Advection Diffusion

Feb 12, 2023

Controlling Stable Diffusion with point advection.

Process

Here we start with a generative animation created with Houdini. The animation frames are used as source images for Stable Diffusion.

By starting with an animation, we achieve reasonable temporal coherence between frames, as can be seen below. The diffusion results closely mimic the animation input.

In order to make the results match our music, we have to do a little tweaking. The original track runs at 128 bpm, which does not line up very nicely with the intended 30 fps animation.

Beats per minute: 128
Beats per second: 2.1333
Length of 1 bar (4 beats): 1.875 seconds
Length of 1 beat: 0.46875 seconds
At 30 fps: 14.0625 frames per beat

To fix this, we can slightly slow down the music, so that beats will line up cleanly with frames. Scaling the original by about 87.890625 percent gives us a 112.5 bpm tempo. Since literally everything sounds better when it is slowed down, we lose nothing with this step.

sox -t wav input.128.wav -t wav output.112.5.wav speed 0.87890625

The intention was to run two interpolations on the output, thus turning each frame into 4. At 112.5 bpm, we get a very convenient 16 frames per beat, 30*60/112.5=16. Taking every fourth frame (pre-interpolation), we have 4 frames per beat or 8 frames per bar. Snare drums are on the second beat, and we modulate the start_schedule parameter so that it goes high with every snare kit and then decays down to 0.4.

start_schedule = 0.4 + (1 - ((i - 4) % 8) / 8) * .4

To quickly check the equation in action, we can see its output below. (Arrows added for clarity).

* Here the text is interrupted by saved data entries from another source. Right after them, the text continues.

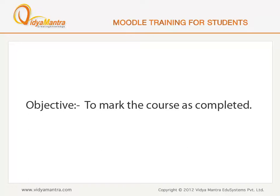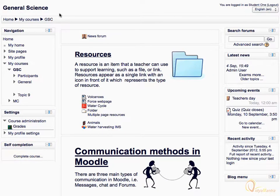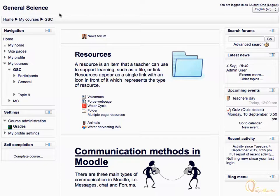In this lesson, we will learn how to mark the course as completed. The self-completion block is used to mark your progress within a particular course. If your instructor has enabled the self-completion block, then you can mark the course as completed by yourself.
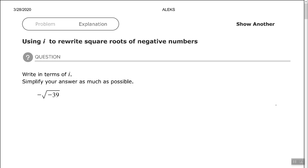Hey good people, Arthur Morris here. I hope all is well. In this video we're going to look at using i to rewrite square roots of negative numbers.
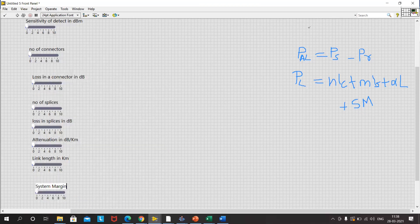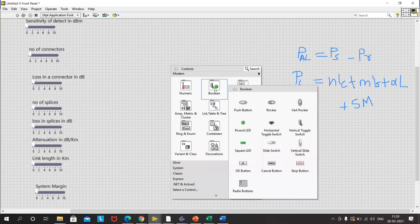We now have all the sliders for all the inputs: source power, sensitivity of the receiver, number of connectors, connector loss, number of splices, splice loss, attenuation in the fiber, length of the fiber, and the system margin. Now for the output, we want to see whether the link performance is satisfactory or not, so this is a decision we have to take. We'll use an LED, so we'll go to Boolean and select a round LED.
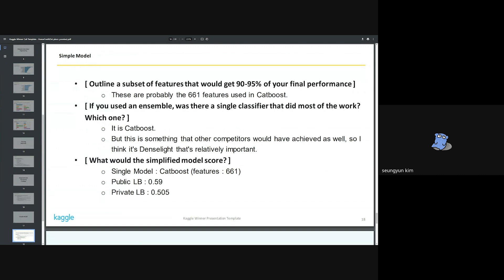Outline a subset of features that would get 90-95% of your final performance. As written here, this is the 661 feature set used in CatBoost. Now that I look at it again, I'm not sure if this answer is in line with the intent of the question.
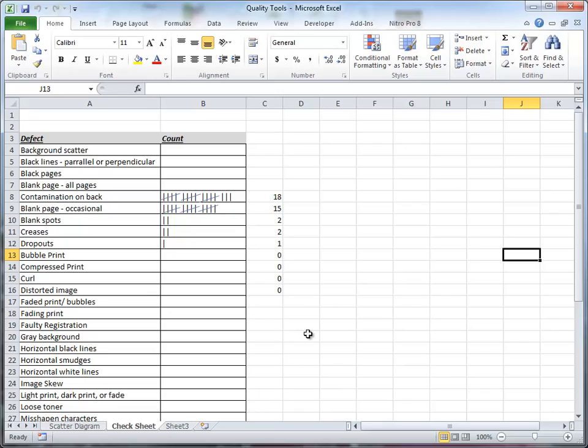Generally, we use four verticals and then a slash through those four to represent the fifth. And then it's very easy to count: 5, 10, 15, and then three more is 18. 5, 10, 15 for the next one and so forth. So that's basically the check sheet.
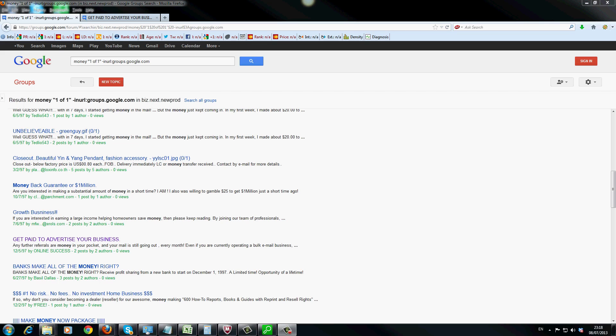Now, in the search operators I've got money, I've got one out of one, minus inurl:groups.google.com. So anyway, what that's basically saying is that we don't want this in the URL, we want to find a topic which is on money, and we want one out of one pages.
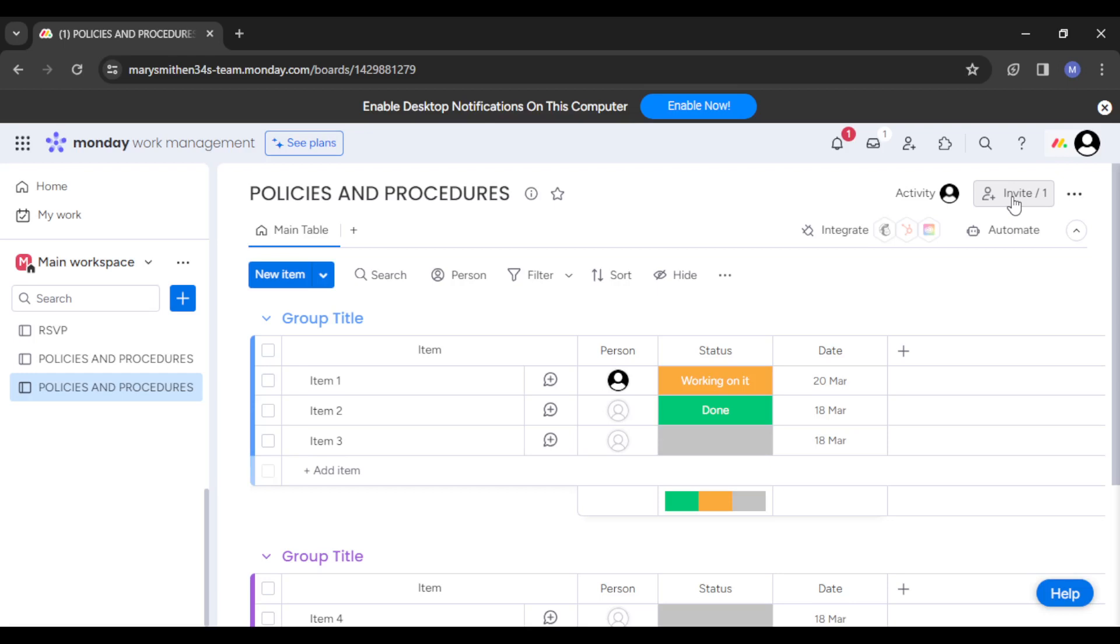It helps pass out information so people are aware there's a new message on the board or a new project being worked on. This is basically all there is to utilizing Monday.com for creating and managing company policies and procedures.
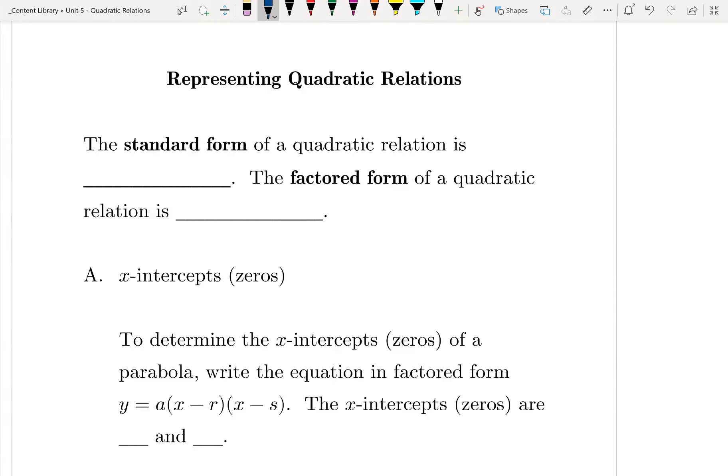In today's note, we're going to be representing quadratic relations. This is going to be looking at the actual equations for quadratic relations and gathering important information from them. This is going to require us to refer back to factoring as well as the last note where we looked at interpreting quadratic relations.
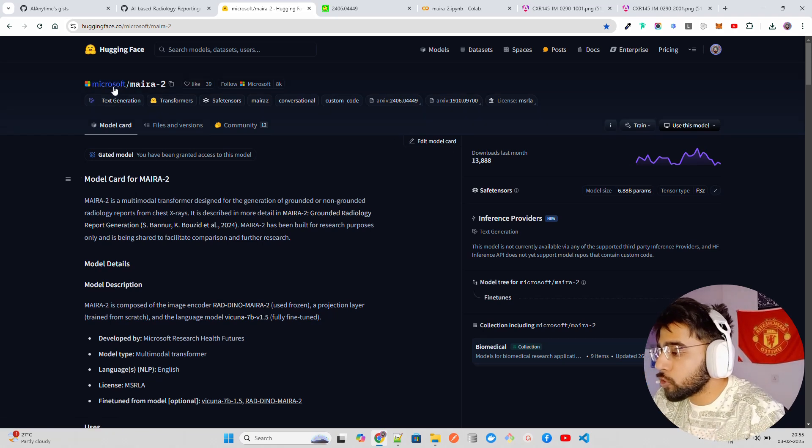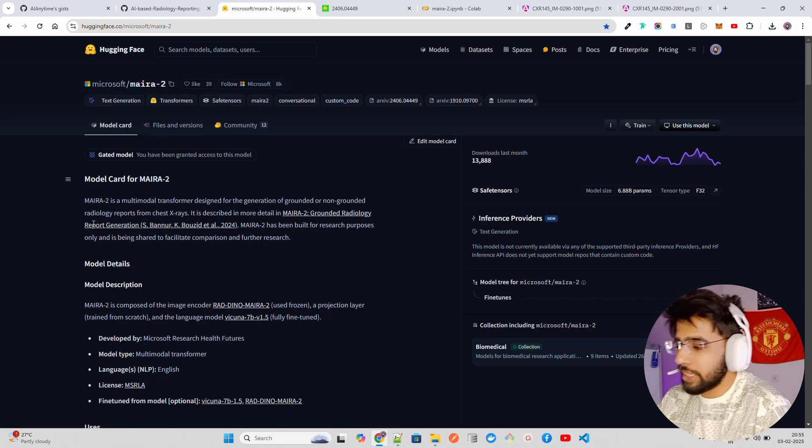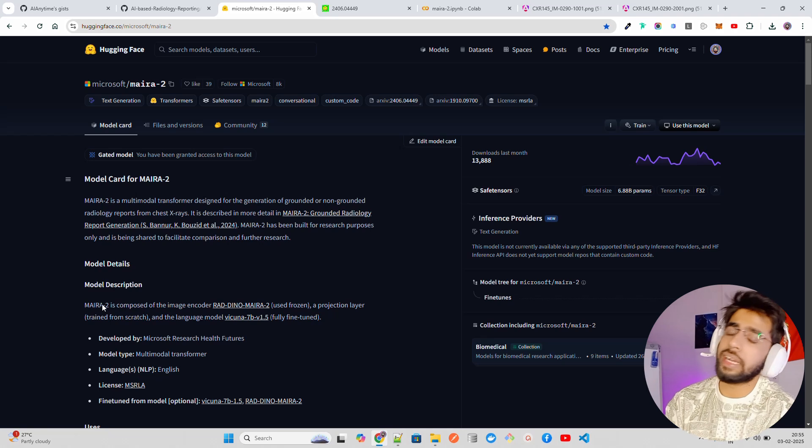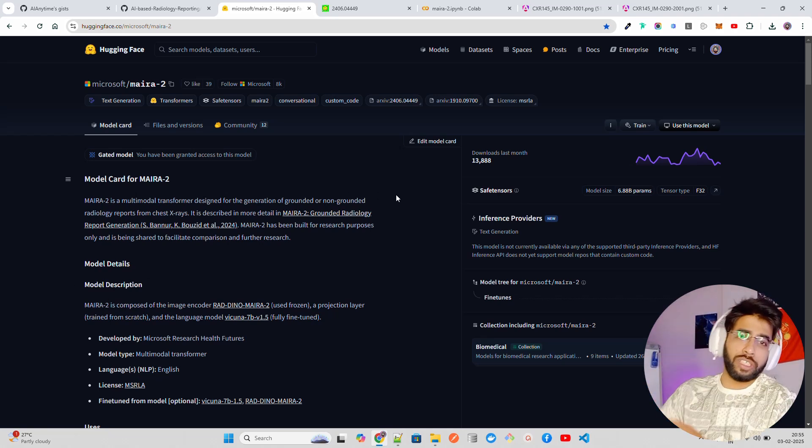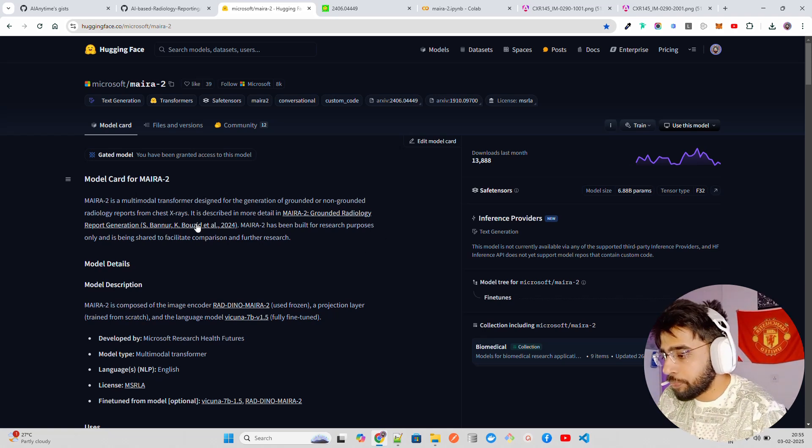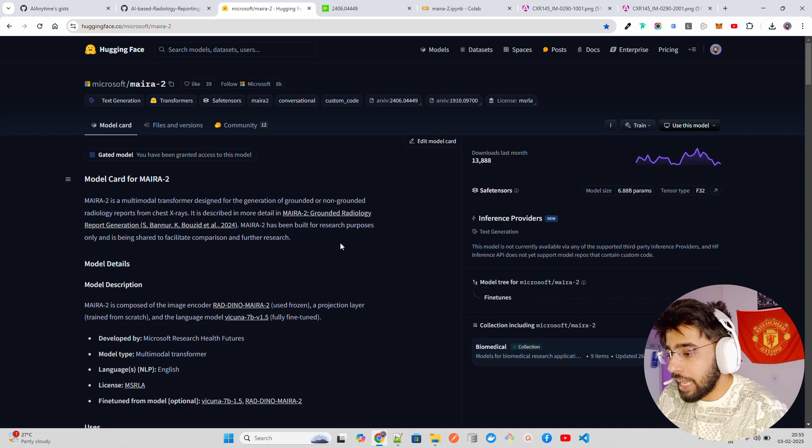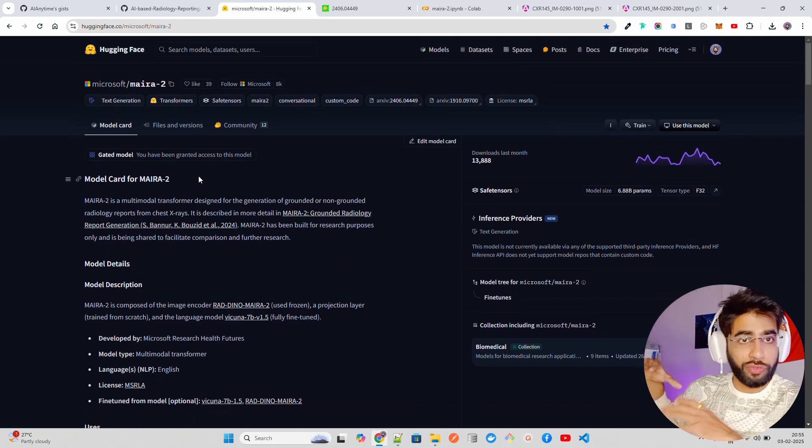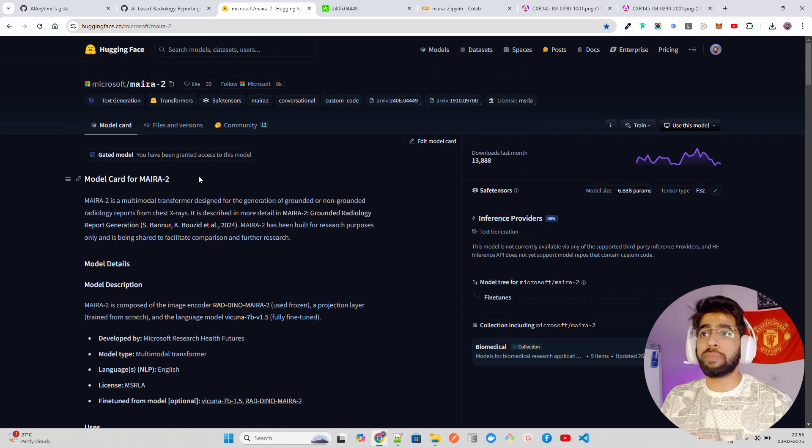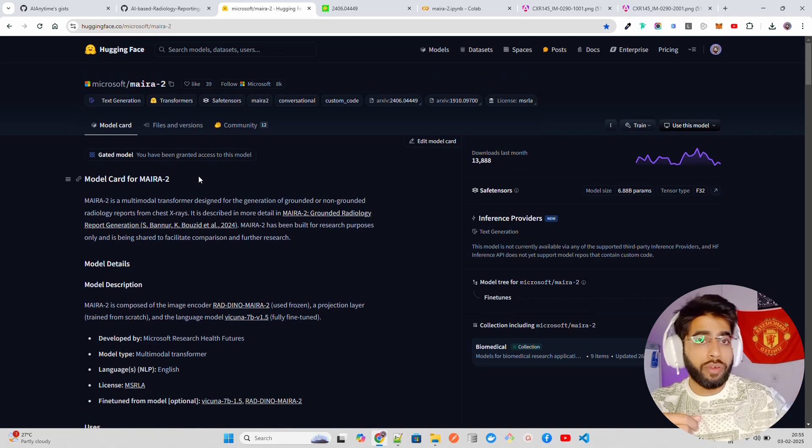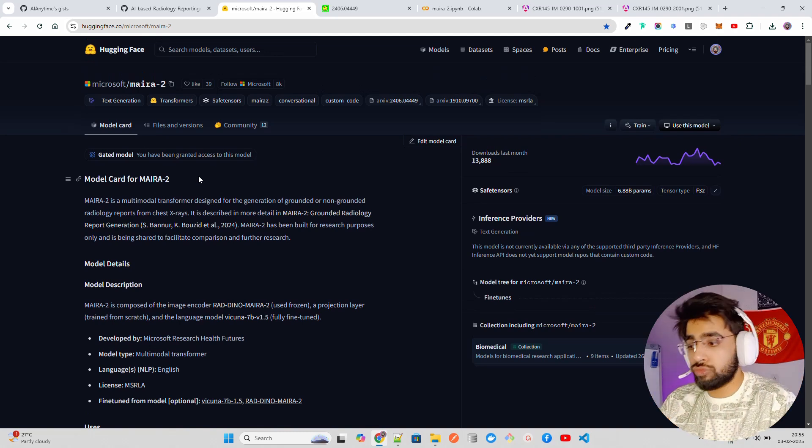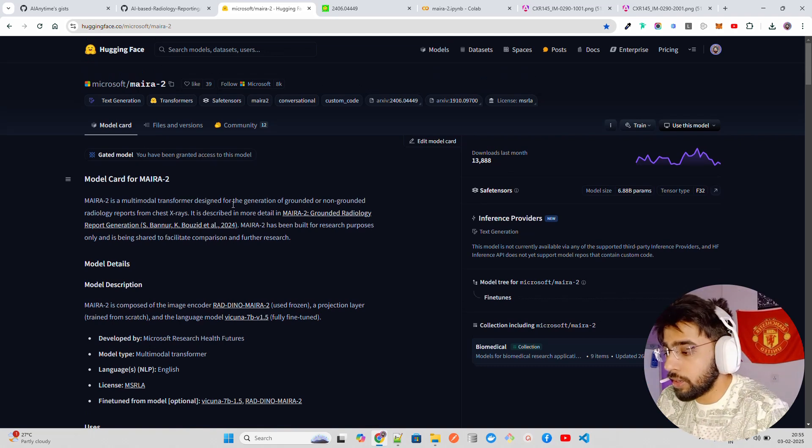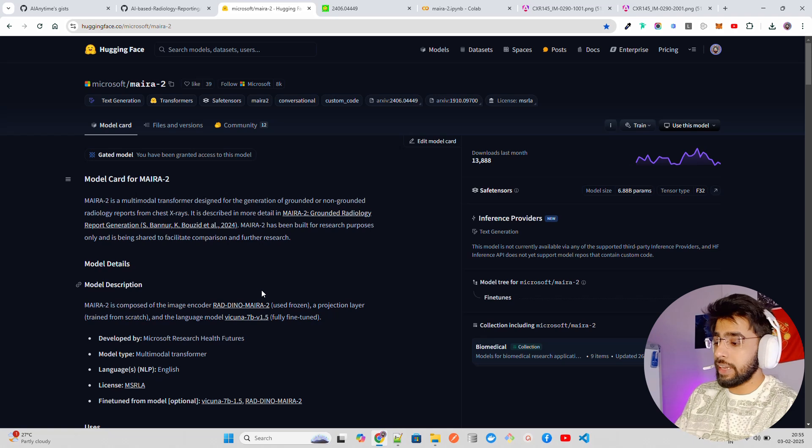If you look at here on my screen, I am currently on a Hugging Face page of Microsoft MAIRA-2. It says a multimodal transformer designed for generation of grounded or non-grounded radiology reports from chest X-rays. This is not the first model in this family - it's built on previous models like MAIRA-1 and there was a model called LAVA that has used multimodal data to perform different tasks.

>>> for i in range(16): print(i, 1-((i-4)%8)/8)
...
0 0.5
1 0.375
2 0.25
3 0.125
4 1.0 <------
5 0.875
6 0.75
7 0.625
8 0.5
9 0.375
10 0.25
11 0.125
12 1.0 <------
13 0.875
14 0.75
15 0.625

And we can identify the upbeat frames, i.e. where the snare drum hits like so:

# snare drum frames
>>> for i in range(32):
...     if 1-((i-4)%8)/8 == 1:
...             print(i)
...
4
12
20
28

The results can be seen below, with the face coming into view every 8 frames (after the initial 4) and then melting into incoherence. We can also see how the underlying animation lends a temporal continuity to the imagery.

The last step is to scale back up from from our 7.5 fps animation to a full 30, by running FILM interpolation with a factor of 2. This further smooths out discontinuities between frames, yielding our final output.